Task details:
Begin at the top of the records and copy each line exactly. The line containing "INDITEX: Financial Annual Report Examination" is the last one to include.

Extracted data:
_ _ _ _

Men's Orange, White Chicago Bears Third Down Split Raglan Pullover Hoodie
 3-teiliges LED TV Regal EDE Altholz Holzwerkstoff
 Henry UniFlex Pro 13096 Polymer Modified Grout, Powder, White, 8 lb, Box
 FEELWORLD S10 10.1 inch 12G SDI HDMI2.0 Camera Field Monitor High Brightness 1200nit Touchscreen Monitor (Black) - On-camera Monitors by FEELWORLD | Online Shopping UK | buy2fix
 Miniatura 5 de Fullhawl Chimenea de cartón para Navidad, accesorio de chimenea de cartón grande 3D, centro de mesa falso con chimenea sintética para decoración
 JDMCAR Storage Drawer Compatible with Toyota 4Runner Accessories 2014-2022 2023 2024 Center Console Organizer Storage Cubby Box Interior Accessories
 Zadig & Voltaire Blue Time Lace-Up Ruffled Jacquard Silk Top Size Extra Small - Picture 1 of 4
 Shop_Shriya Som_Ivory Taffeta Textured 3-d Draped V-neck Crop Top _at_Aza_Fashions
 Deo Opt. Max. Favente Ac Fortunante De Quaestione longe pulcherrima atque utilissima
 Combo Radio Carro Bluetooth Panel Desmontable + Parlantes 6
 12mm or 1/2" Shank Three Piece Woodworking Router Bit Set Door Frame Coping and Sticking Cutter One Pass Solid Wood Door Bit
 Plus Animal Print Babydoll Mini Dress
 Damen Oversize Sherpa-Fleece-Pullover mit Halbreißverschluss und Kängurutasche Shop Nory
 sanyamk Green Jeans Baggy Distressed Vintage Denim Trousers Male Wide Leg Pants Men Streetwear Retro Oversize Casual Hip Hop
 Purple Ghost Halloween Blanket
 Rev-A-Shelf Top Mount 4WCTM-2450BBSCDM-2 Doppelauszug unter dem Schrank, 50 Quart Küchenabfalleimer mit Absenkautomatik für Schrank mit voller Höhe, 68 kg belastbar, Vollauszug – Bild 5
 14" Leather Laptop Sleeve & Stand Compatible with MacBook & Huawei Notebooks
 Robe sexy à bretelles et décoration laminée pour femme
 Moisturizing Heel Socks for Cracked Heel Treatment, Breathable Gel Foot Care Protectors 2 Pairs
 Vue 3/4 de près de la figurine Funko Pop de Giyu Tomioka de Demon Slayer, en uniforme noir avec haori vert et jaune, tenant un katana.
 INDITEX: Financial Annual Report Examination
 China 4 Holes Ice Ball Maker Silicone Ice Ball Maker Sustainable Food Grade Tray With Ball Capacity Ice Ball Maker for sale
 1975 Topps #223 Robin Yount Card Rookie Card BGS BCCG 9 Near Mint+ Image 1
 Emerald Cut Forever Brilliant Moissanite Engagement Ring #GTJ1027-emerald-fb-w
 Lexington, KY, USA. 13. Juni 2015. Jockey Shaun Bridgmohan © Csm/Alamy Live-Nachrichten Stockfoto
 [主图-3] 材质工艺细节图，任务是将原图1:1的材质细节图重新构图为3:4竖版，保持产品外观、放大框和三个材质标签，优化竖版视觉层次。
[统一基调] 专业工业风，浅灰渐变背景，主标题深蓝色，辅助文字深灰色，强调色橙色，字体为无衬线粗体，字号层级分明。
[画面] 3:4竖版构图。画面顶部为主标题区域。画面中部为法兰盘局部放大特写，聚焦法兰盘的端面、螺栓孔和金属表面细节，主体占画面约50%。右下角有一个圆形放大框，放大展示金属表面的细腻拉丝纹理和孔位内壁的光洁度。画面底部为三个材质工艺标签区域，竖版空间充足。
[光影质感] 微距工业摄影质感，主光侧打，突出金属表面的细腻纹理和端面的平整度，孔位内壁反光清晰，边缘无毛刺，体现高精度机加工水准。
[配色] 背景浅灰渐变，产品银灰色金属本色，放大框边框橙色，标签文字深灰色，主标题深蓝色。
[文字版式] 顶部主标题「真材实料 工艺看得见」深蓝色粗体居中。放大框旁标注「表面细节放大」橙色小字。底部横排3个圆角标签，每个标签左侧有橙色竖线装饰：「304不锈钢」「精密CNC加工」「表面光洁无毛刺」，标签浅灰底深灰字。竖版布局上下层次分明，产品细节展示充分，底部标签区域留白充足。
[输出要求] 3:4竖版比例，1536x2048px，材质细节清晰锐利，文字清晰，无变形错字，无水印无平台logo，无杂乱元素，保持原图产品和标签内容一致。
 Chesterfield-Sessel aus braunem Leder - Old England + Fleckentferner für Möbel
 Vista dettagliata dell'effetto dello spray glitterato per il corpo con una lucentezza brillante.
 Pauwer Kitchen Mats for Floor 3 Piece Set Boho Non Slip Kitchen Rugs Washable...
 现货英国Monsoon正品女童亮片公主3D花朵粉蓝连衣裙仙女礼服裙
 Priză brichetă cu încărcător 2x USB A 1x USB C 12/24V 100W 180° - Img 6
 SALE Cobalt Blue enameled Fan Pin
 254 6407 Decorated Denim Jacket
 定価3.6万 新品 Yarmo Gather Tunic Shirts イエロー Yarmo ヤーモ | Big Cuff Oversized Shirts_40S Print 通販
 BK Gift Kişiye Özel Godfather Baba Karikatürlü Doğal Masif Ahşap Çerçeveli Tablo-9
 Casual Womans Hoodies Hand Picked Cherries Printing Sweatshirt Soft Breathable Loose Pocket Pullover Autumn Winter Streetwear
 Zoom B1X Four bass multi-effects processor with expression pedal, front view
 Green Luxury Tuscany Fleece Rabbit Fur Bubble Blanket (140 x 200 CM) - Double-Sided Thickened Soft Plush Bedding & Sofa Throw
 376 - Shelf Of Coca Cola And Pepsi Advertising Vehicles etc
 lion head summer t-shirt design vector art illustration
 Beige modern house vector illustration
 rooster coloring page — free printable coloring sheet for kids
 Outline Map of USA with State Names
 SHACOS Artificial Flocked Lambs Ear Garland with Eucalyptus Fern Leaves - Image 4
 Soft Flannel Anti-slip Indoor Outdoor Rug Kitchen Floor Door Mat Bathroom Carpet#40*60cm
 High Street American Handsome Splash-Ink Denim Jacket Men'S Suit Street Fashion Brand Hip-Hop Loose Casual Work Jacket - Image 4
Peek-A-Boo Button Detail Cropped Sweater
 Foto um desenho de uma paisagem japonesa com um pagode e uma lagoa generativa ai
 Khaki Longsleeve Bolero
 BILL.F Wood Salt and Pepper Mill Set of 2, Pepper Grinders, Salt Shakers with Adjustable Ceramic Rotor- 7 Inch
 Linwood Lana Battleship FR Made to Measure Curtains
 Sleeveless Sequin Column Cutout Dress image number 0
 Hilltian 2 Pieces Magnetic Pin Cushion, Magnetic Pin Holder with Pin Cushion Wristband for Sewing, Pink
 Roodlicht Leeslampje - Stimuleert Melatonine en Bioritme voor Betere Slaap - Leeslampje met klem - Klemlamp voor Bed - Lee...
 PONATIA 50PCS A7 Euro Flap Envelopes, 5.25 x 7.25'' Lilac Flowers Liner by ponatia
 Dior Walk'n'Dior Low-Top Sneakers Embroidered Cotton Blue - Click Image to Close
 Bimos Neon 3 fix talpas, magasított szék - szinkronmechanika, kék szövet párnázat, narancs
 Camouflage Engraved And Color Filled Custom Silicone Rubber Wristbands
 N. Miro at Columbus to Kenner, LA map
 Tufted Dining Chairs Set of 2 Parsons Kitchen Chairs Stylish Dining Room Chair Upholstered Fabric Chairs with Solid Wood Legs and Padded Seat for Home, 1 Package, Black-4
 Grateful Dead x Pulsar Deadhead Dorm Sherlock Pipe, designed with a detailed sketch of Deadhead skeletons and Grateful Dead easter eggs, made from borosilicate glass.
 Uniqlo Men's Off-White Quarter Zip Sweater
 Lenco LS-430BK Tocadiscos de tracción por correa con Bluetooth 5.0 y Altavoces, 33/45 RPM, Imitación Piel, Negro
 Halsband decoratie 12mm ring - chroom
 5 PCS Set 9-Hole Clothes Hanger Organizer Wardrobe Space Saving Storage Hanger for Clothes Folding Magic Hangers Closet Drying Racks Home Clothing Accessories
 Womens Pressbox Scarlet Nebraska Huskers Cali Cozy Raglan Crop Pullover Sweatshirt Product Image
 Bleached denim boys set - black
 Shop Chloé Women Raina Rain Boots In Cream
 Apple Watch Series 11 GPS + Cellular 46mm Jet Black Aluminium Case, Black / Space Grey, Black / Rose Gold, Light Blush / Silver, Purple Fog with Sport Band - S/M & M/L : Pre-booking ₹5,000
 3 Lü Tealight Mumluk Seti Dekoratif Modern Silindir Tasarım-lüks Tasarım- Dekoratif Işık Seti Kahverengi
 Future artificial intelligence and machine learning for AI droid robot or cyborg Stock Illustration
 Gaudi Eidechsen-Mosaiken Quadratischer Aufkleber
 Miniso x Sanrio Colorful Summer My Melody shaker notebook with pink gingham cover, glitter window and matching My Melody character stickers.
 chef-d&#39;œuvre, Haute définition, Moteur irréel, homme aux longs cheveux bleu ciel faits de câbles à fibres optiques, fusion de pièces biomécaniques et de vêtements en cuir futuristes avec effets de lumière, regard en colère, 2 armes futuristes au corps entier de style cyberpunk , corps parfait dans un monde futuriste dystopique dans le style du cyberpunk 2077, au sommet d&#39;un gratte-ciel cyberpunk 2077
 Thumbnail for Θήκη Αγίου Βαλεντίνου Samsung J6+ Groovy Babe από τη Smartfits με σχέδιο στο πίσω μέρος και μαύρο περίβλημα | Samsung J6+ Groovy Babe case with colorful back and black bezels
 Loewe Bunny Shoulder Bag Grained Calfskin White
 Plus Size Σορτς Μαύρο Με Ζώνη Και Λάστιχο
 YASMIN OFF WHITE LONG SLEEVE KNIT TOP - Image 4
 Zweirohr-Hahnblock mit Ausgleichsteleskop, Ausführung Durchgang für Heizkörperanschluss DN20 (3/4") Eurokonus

_ _ _ _

Finished exercise:
Men's Orange, White Chicago Bears Third Down Split Raglan Pullover Hoodie
 3-teiliges LED TV Regal EDE Altholz Holzwerkstoff
 Henry UniFlex Pro 13096 Polymer Modified Grout, Powder, White, 8 lb, Box
 FEELWORLD S10 10.1 inch 12G SDI HDMI2.0 Camera Field Monitor High Brightness 1200nit Touchscreen Monitor (Black) - On-camera Monitors by FEELWORLD | Online Shopping UK | buy2fix
 Miniatura 5 de Fullhawl Chimenea de cartón para Navidad, accesorio de chimenea de cartón grande 3D, centro de mesa falso con chimenea sintética para decoración
 JDMCAR Storage Drawer Compatible with Toyota 4Runner Accessories 2014-2022 2023 2024 Center Console Organizer Storage Cubby Box Interior Accessories
 Zadig & Voltaire Blue Time Lace-Up Ruffled Jacquard Silk Top Size Extra Small - Picture 1 of 4
 Shop_Shriya Som_Ivory Taffeta Textured 3-d Draped V-neck Crop Top _at_Aza_Fashions
 Deo Opt. Max. Favente Ac Fortunante De Quaestione longe pulcherrima atque utilissima
 Combo Radio Carro Bluetooth Panel Desmontable + Parlantes 6
 12mm or 1/2" Shank Three Piece Woodworking Router Bit Set Door Frame Coping and Sticking Cutter One Pass Solid Wood Door Bit
 Plus Animal Print Babydoll Mini Dress
 Damen Oversize Sherpa-Fleece-Pullover mit Halbreißverschluss und Kängurutasche Shop Nory
 sanyamk Green Jeans Baggy Distressed Vintage Denim Trousers Male Wide Leg Pants Men Streetwear Retro Oversize Casual Hip Hop
 Purple Ghost Halloween Blanket
 Rev-A-Shelf Top Mount 4WCTM-2450BBSCDM-2 Doppelauszug unter dem Schrank, 50 Quart Küchenabfalleimer mit Absenkautomatik für Schrank mit voller Höhe, 68 kg belastbar, Vollauszug – Bild 5
 14" Leather Laptop Sleeve & Stand Compatible with MacBook & Huawei Notebooks
 Robe sexy à bretelles et décoration laminée pour femme
 Moisturizing Heel Socks for Cracked Heel Treatment, Breathable Gel Foot Care Protectors 2 Pairs
 Vue 3/4 de près de la figurine Funko Pop de Giyu Tomioka de Demon Slayer, en uniforme noir avec haori vert et jaune, tenant un katana.
 INDITEX: Financial Annual Report Examination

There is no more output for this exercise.